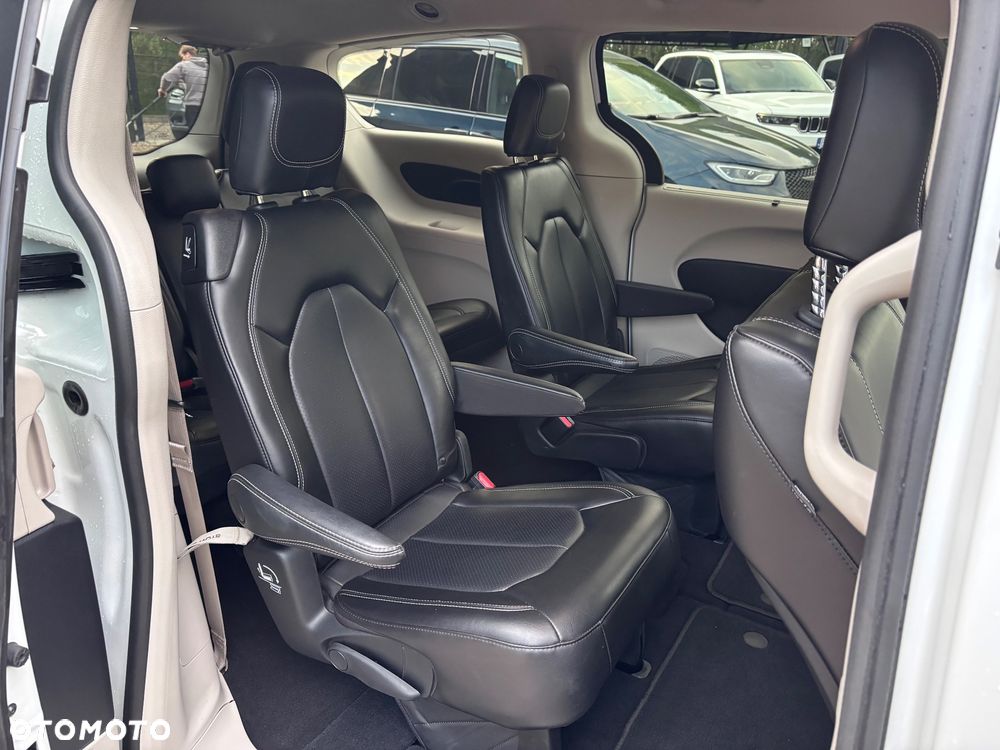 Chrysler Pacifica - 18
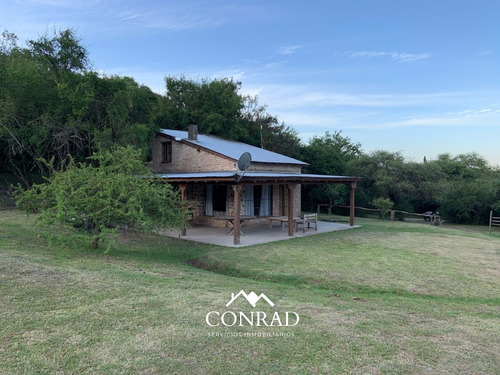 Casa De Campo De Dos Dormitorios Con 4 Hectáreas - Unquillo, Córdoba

○ ○ ○ ○

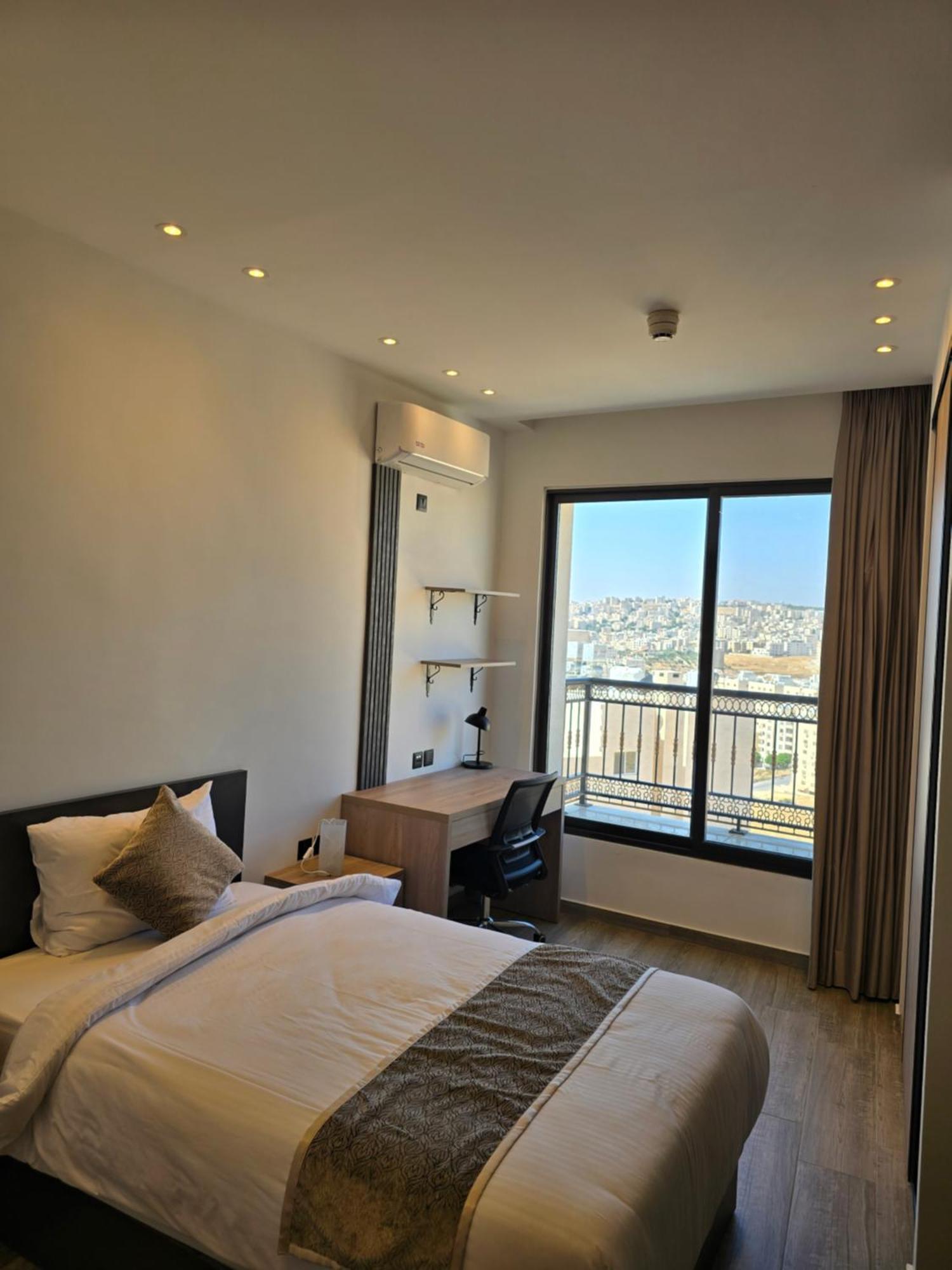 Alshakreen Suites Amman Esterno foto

○ ○ ○ ○

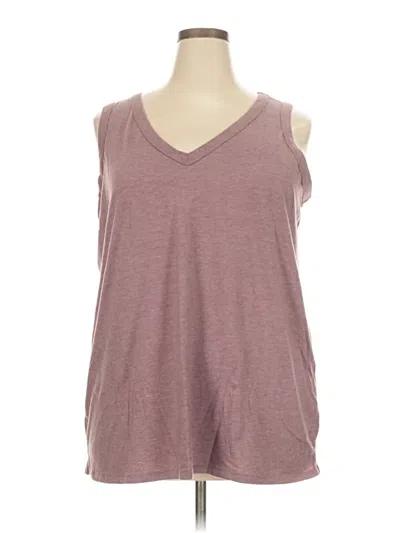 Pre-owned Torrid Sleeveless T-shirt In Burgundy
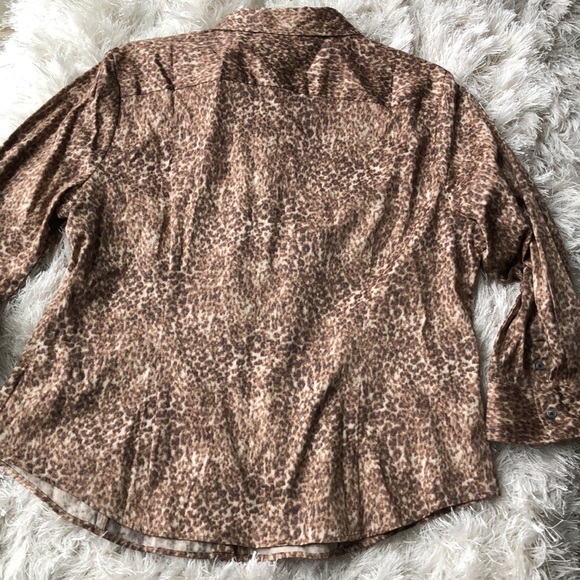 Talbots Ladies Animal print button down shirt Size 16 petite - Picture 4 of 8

○ ○ ○ ○

■ **WHAT THE TASK ASKS**:
The line holding "Chrysler Pacifica - 18" starts the copy and the line holding "Casa De Campo" ends it. Repeat those two lines above and all between them exactly, leaving out pictures.

■ **PROBLEM SOLUTION**:
 Chrysler Pacifica - 18
 Casa De Campo De Dos Dormitorios Con 4 Hectáreas - Unquillo, Córdoba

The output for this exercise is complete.